▶ _What is required_:
A word-for-word copy of the whole listing is the required answer.

==== Available records

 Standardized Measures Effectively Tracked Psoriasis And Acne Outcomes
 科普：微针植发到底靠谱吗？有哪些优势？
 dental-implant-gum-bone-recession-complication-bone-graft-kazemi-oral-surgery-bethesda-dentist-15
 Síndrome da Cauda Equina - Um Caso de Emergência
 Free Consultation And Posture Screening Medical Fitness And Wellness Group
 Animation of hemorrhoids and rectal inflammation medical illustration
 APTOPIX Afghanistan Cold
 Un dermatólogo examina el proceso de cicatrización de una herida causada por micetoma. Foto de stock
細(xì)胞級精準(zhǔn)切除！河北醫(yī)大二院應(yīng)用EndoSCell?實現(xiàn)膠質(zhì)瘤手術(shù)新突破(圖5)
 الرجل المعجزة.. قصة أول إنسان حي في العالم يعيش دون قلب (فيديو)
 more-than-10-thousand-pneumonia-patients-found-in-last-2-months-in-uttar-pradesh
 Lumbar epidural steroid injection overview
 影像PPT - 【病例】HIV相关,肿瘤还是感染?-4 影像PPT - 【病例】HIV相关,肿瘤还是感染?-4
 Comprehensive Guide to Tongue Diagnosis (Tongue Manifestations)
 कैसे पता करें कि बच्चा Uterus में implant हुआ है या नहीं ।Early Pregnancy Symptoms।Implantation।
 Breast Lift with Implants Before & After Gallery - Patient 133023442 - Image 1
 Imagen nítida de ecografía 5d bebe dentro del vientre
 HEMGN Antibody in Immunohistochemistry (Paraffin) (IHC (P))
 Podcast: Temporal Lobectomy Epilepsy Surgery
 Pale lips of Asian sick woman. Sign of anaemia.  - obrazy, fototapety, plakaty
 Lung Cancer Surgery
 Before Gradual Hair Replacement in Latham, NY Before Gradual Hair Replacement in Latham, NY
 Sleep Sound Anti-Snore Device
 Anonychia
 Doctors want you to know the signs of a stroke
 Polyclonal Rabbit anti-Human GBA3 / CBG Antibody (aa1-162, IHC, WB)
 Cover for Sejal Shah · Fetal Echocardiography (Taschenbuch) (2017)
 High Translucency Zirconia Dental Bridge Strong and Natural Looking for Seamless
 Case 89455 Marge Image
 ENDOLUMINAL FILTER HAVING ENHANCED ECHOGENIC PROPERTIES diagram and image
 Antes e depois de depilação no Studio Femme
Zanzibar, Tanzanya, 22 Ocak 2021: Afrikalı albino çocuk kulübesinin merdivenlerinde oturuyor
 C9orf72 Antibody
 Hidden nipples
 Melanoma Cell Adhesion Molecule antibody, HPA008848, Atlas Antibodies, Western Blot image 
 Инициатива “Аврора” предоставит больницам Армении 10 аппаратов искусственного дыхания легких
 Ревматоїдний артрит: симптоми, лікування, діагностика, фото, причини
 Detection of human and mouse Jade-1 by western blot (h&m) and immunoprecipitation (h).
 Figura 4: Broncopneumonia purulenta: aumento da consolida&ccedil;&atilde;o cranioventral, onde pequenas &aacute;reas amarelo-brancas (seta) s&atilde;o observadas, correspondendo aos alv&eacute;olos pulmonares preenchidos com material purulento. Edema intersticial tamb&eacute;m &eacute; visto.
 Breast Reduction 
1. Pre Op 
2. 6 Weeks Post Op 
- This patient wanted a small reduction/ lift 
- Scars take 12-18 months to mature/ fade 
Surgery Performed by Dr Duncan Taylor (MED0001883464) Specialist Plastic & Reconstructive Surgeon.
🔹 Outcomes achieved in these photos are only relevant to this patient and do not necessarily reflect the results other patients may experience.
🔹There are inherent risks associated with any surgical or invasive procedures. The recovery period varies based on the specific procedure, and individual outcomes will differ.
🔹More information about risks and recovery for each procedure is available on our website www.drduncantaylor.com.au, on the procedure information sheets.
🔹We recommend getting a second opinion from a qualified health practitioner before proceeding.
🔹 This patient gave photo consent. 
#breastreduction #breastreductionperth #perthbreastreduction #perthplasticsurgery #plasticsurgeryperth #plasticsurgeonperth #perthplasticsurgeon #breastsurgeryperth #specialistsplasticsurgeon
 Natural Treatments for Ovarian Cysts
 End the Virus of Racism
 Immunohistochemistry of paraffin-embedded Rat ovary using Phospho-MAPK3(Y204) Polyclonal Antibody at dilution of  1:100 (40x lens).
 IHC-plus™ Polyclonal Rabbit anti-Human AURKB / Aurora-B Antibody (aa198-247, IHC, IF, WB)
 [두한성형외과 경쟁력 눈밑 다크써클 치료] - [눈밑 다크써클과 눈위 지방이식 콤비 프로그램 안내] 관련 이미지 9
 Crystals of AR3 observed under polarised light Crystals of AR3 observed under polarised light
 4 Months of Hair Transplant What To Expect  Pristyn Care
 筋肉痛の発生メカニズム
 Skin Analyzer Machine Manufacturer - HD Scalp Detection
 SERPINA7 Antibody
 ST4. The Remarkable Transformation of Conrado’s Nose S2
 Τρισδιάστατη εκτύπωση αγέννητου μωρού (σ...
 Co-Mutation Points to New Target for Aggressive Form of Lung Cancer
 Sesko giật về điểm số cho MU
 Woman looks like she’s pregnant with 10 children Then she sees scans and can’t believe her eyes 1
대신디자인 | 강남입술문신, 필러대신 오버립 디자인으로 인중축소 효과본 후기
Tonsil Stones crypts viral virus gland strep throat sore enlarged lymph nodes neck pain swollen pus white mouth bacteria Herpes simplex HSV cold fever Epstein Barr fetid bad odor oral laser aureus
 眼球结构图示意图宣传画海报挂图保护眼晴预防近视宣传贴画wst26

========

▶ _Solution to the exercise_:
 Standardized Measures Effectively Tracked Psoriasis And Acne Outcomes
 科普：微针植发到底靠谱吗？有哪些优势？
 dental-implant-gum-bone-recession-complication-bone-graft-kazemi-oral-surgery-bethesda-dentist-15
 Síndrome da Cauda Equina - Um Caso de Emergência
 Free Consultation And Posture Screening Medical Fitness And Wellness Group
 Animation of hemorrhoids and rectal inflammation medical illustration
 APTOPIX Afghanistan Cold
 Un dermatólogo examina el proceso de cicatrización de una herida causada por micetoma. Foto de stock
細(xì)胞級精準(zhǔn)切除！河北醫(yī)大二院應(yīng)用EndoSCell?實現(xiàn)膠質(zhì)瘤手術(shù)新突破(圖5)
 الرجل المعجزة.. قصة أول إنسان حي في العالم يعيش دون قلب (فيديو)
 more-than-10-thousand-pneumonia-patients-found-in-last-2-months-in-uttar-pradesh
 Lumbar epidural steroid injection overview
 影像PPT - 【病例】HIV相关,肿瘤还是感染?-4 影像PPT - 【病例】HIV相关,肿瘤还是感染?-4
 Comprehensive Guide to Tongue Diagnosis (Tongue Manifestations)
 कैसे पता करें कि बच्चा Uterus में implant हुआ है या नहीं ।Early Pregnancy Symptoms।Implantation।
 Breast Lift with Implants Before & After Gallery - Patient 133023442 - Image 1
 Imagen nítida de ecografía 5d bebe dentro del vientre
 HEMGN Antibody in Immunohistochemistry (Paraffin) (IHC (P))
 Podcast: Temporal Lobectomy Epilepsy Surgery
 Pale lips of Asian sick woman. Sign of anaemia.  - obrazy, fototapety, plakaty
 Lung Cancer Surgery
 Before Gradual Hair Replacement in Latham, NY Before Gradual Hair Replacement in Latham, NY
 Sleep Sound Anti-Snore Device
 Anonychia
 Doctors want you to know the signs of a stroke
 Polyclonal Rabbit anti-Human GBA3 / CBG Antibody (aa1-162, IHC, WB)
 Cover for Sejal Shah · Fetal Echocardiography (Taschenbuch) (2017)
 High Translucency Zirconia Dental Bridge Strong and Natural Looking for Seamless
 Case 89455 Marge Image
 ENDOLUMINAL FILTER HAVING ENHANCED ECHOGENIC PROPERTIES diagram and image
 Antes e depois de depilação no Studio Femme
Zanzibar, Tanzanya, 22 Ocak 2021: Afrikalı albino çocuk kulübesinin merdivenlerinde oturuyor
 C9orf72 Antibody
 Hidden nipples
 Melanoma Cell Adhesion Molecule antibody, HPA008848, Atlas Antibodies, Western Blot image 
 Инициатива “Аврора” предоставит больницам Армении 10 аппаратов искусственного дыхания легких
 Ревматоїдний артрит: симптоми, лікування, діагностика, фото, причини
 Detection of human and mouse Jade-1 by western blot (h&m) and immunoprecipitation (h).
 Figura 4: Broncopneumonia purulenta: aumento da consolida&ccedil;&atilde;o cranioventral, onde pequenas &aacute;reas amarelo-brancas (seta) s&atilde;o observadas, correspondendo aos alv&eacute;olos pulmonares preenchidos com material purulento. Edema intersticial tamb&eacute;m &eacute; visto.
 Breast Reduction 
1. Pre Op 
2. 6 Weeks Post Op 
- This patient wanted a small reduction/ lift 
- Scars take 12-18 months to mature/ fade 
Surgery Performed by Dr Duncan Taylor (MED0001883464) Specialist Plastic & Reconstructive Surgeon.
🔹 Outcomes achieved in these photos are only relevant to this patient and do not necessarily reflect the results other patients may experience.
🔹There are inherent risks associated with any surgical or invasive procedures. The recovery period varies based on the specific procedure, and individual outcomes will differ.
🔹More information about risks and recovery for each procedure is available on our website www.drduncantaylor.com.au, on the procedure information sheets.
🔹We recommend getting a second opinion from a qualified health practitioner before proceeding.
🔹 This patient gave photo consent. 
#breastreduction #breastreductionperth #perthbreastreduction #perthplasticsurgery #plasticsurgeryperth #plasticsurgeonperth #perthplasticsurgeon #breastsurgeryperth #specialistsplasticsurgeon
 Natural Treatments for Ovarian Cysts
 End the Virus of Racism
 Immunohistochemistry of paraffin-embedded Rat ovary using Phospho-MAPK3(Y204) Polyclonal Antibody at dilution of  1:100 (40x lens).
 IHC-plus™ Polyclonal Rabbit anti-Human AURKB / Aurora-B Antibody (aa198-247, IHC, IF, WB)
 [두한성형외과 경쟁력 눈밑 다크써클 치료] - [눈밑 다크써클과 눈위 지방이식 콤비 프로그램 안내] 관련 이미지 9
 Crystals of AR3 observed under polarised light Crystals of AR3 observed under polarised light
 4 Months of Hair Transplant What To Expect  Pristyn Care
 筋肉痛の発生メカニズム
 Skin Analyzer Machine Manufacturer - HD Scalp Detection
 SERPINA7 Antibody
 ST4. The Remarkable Transformation of Conrado’s Nose S2
 Τρισδιάστατη εκτύπωση αγέννητου μωρού (σ...
 Co-Mutation Points to New Target for Aggressive Form of Lung Cancer
 Sesko giật về điểm số cho MU
 Woman looks like she’s pregnant with 10 children Then she sees scans and can’t believe her eyes 1
대신디자인 | 강남입술문신, 필러대신 오버립 디자인으로 인중축소 효과본 후기
Tonsil Stones crypts viral virus gland strep throat sore enlarged lymph nodes neck pain swollen pus white mouth bacteria Herpes simplex HSV cold fever Epstein Barr fetid bad odor oral laser aureus
 眼球结构图示意图宣传画海报挂图保护眼晴预防近视宣传贴画wst26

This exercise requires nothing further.